Roanoke Times Copyright (c) 1995, Landmark Communications, Inc. DATE: FRIDAY, February 15, 1991 TAG: 9102150121 SECTION: BUSINESS PAGE: B-5 EDITION: METRO SOURCE: Associated Press DATELINE: WASHINGTON LENGTH: Medium
The Commerce Department reported that business sales slowed to a seasonally adjusted $530.9 billion, even worse than the 1.5 percent decline in November and the biggest drop since they fell 3.1 percent in January 1987.
However, Thursday's report also had a touch of good news. It said business inventories in December dropped 0.7 percent, to a seasonally adjusted $810.7 billion, after advancing 0.2 percent in November and 0.4 percent in October.
In past recessions, big pileups of goods on shelves and back lots caused growing production cutbacks and job layoffs as businesses struggled to sell off their backlogs.

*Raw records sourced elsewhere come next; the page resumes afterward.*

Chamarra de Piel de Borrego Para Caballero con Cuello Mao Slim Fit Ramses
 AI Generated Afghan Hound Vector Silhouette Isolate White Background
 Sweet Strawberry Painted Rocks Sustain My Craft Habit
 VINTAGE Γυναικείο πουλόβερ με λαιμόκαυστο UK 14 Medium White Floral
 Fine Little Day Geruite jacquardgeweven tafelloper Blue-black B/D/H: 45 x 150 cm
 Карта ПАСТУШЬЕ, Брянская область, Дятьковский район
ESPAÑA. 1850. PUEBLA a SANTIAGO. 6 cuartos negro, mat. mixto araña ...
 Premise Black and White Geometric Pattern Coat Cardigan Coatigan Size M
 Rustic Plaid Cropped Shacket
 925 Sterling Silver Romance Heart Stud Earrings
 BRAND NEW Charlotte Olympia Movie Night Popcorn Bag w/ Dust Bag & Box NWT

The activity pushed the ratio of inventories-to-sales to 1.53 from 1.5 in November. The ratio means it would take 1.53 months to exhaust the backlog at the December sales pace.
"Instead of waiting until later in the recession to cut back on inventories, companies clearly are cutting back early," said Bruce Steinberg, an economist with Merrill Lynch Capital Markets in New York. "To some extent, that will moderate the decline."
But at the same time, Steinberg said, "the consumer sector is retrenching at this point about as much as had happened in the early '80s and '70s" when the two deepest postwar recessions occurred.
In addition to the 1.5 percent decline in retail purchases, manufacturing sales plunged 3.4 percent after a 2.5 percent drop in November. Sales on the wholesale level were off 1.2 percent after falling 1.5 percent the previous month.
Retail inventories declined 0.8 percent in December and 0.2 percent in November. They were off a similar 0.8 percent on the manufacturing level and 0.3 percent on the wholesale level. Manufacturing inventories had risen 0.2 percent in November, while wholesale backlogs grew 0.7 percent.